• _What to do_
Repeat exactly the lines of the records below, starting at the line containing "Saginaw Control &" and ending at the line containing "Florida Jersey #25". Leave the pictures out.

• _Exercise data_
——————————
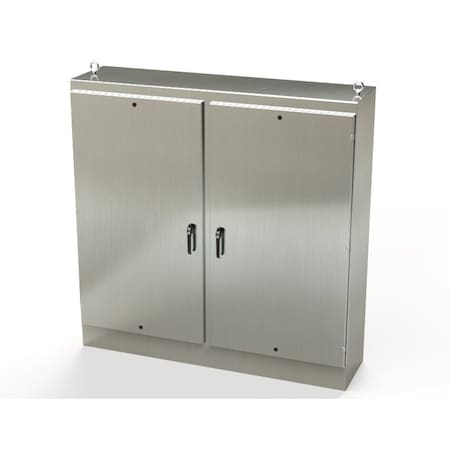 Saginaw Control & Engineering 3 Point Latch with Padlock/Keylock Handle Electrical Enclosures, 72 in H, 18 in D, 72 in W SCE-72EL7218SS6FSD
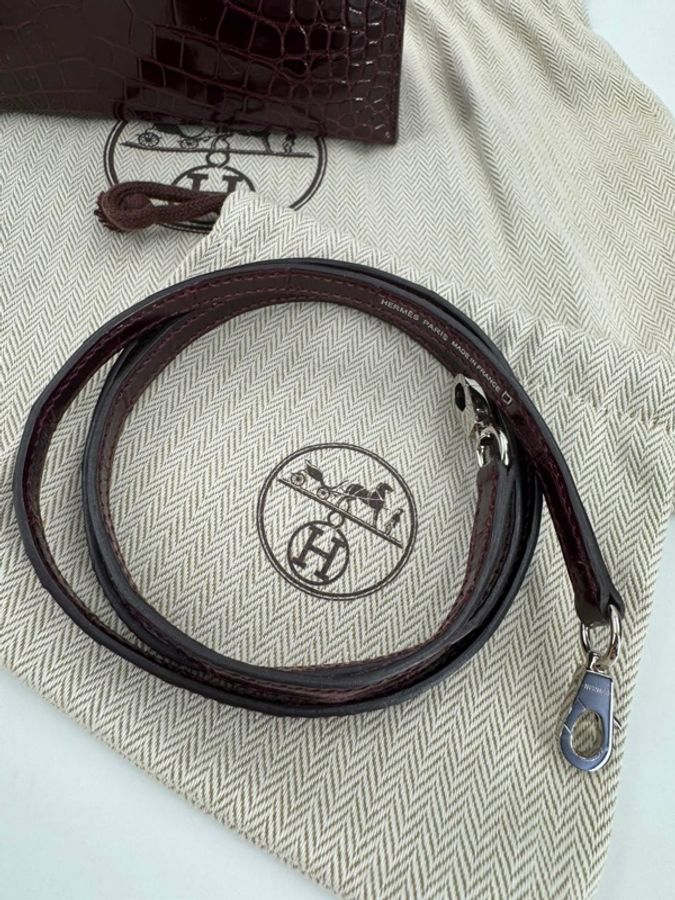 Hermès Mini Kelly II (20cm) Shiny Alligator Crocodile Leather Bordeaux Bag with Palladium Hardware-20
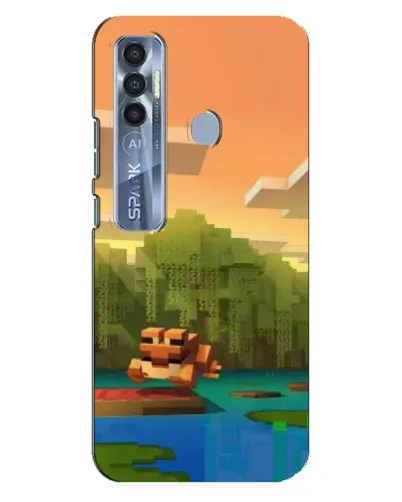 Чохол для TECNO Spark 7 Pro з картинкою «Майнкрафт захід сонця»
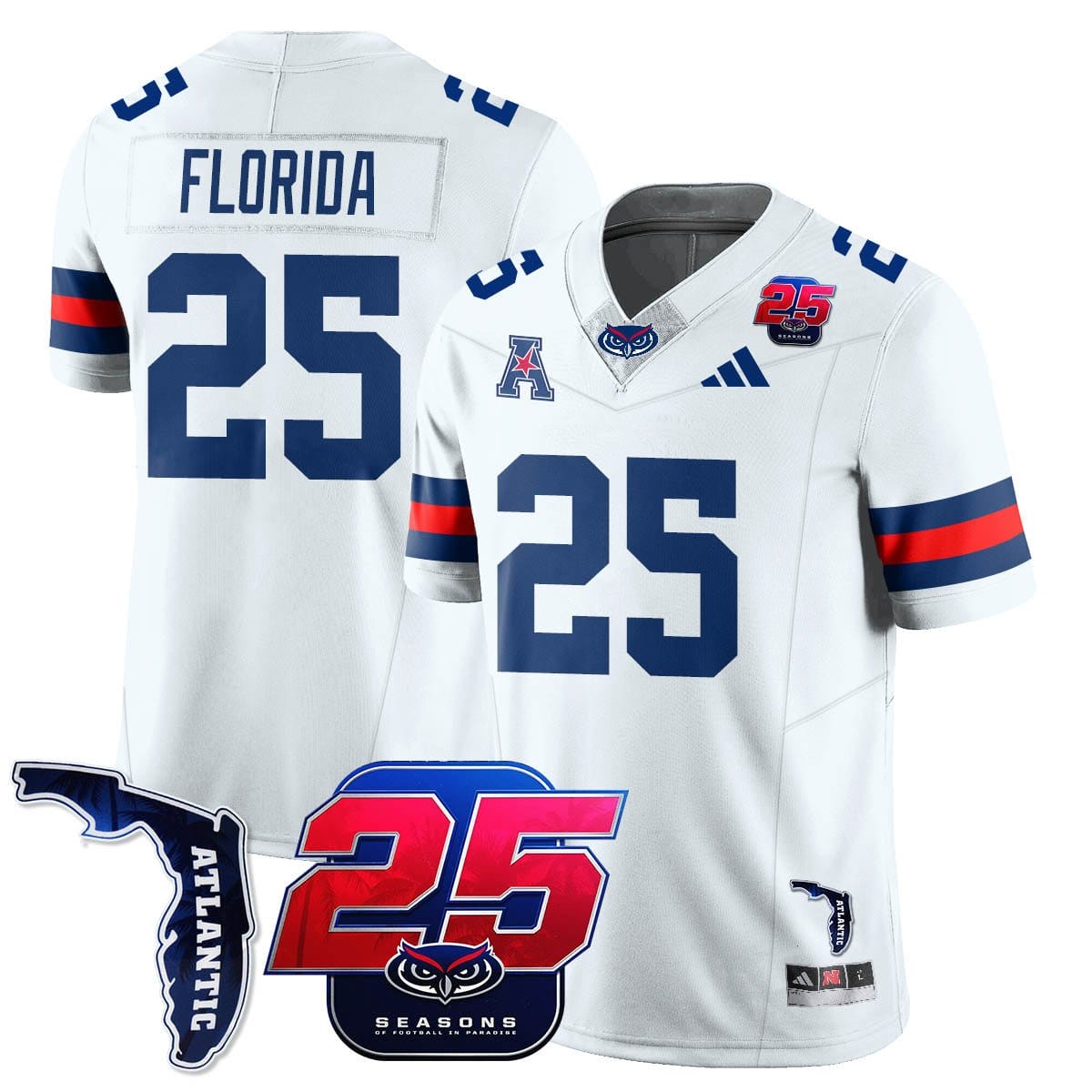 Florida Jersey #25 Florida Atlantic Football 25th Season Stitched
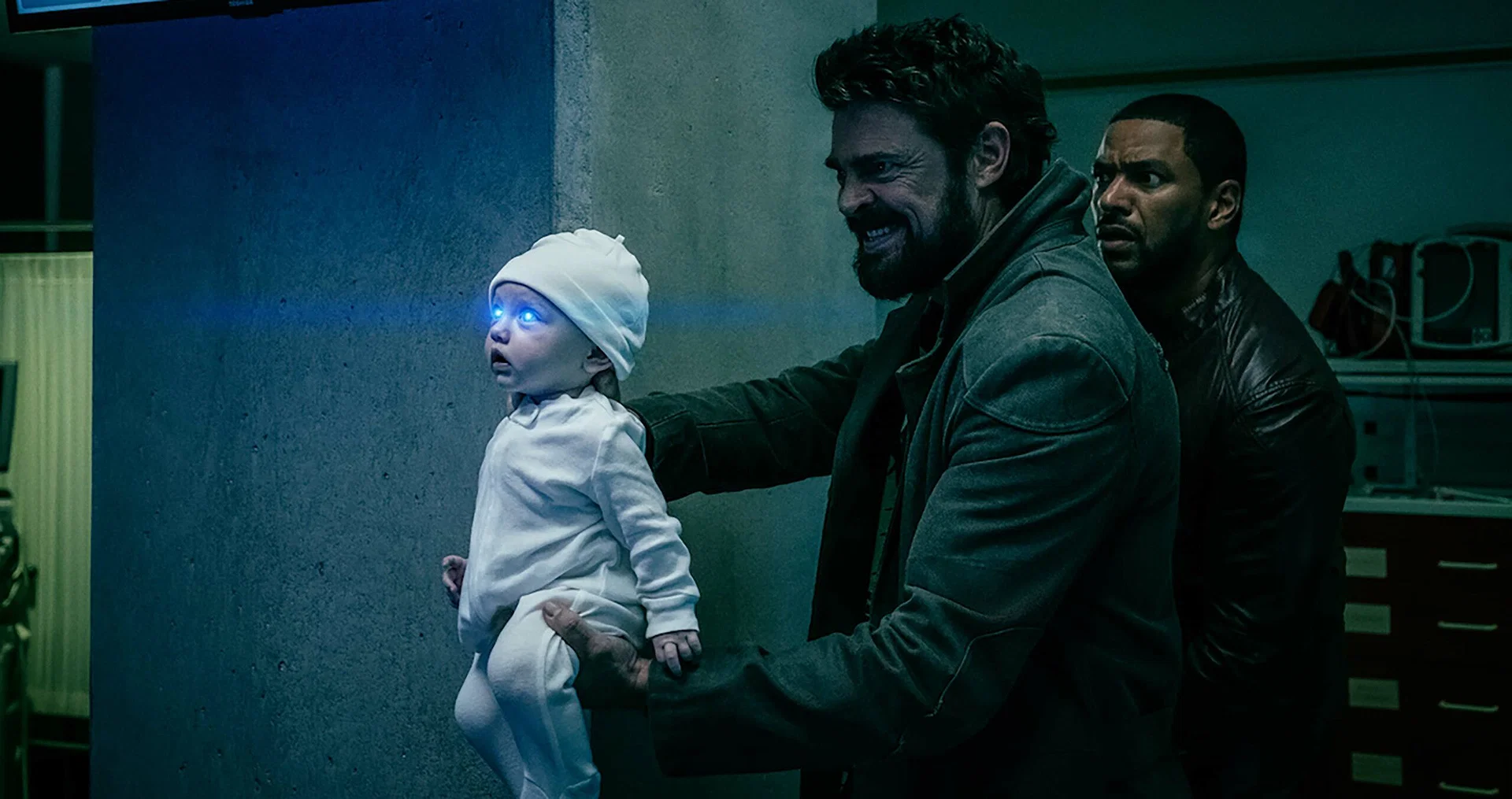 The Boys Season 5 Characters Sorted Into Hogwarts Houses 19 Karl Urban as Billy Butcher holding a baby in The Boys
——————————
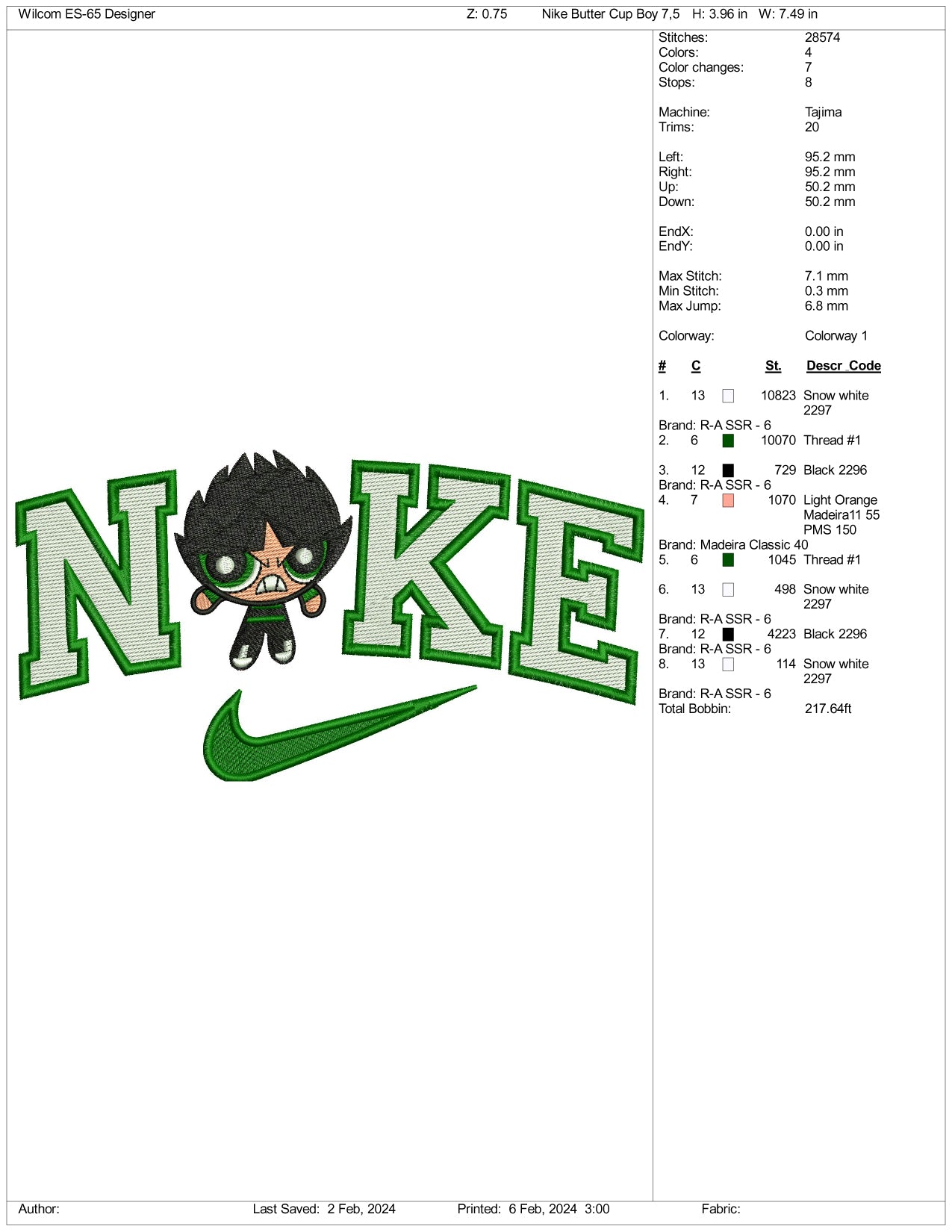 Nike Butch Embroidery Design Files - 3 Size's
——————————
• _Result_
 Saginaw Control & Engineering 3 Point Latch with Padlock/Keylock Handle Electrical Enclosures, 72 in H, 18 in D, 72 in W SCE-72EL7218SS6FSD
 Hermès Mini Kelly II (20cm) Shiny Alligator Crocodile Leather Bordeaux Bag with Palladium Hardware-20
 Чохол для TECNO Spark 7 Pro з картинкою «Майнкрафт захід сонця»
 Florida Jersey #25 Florida Atlantic Football 25th Season Stitched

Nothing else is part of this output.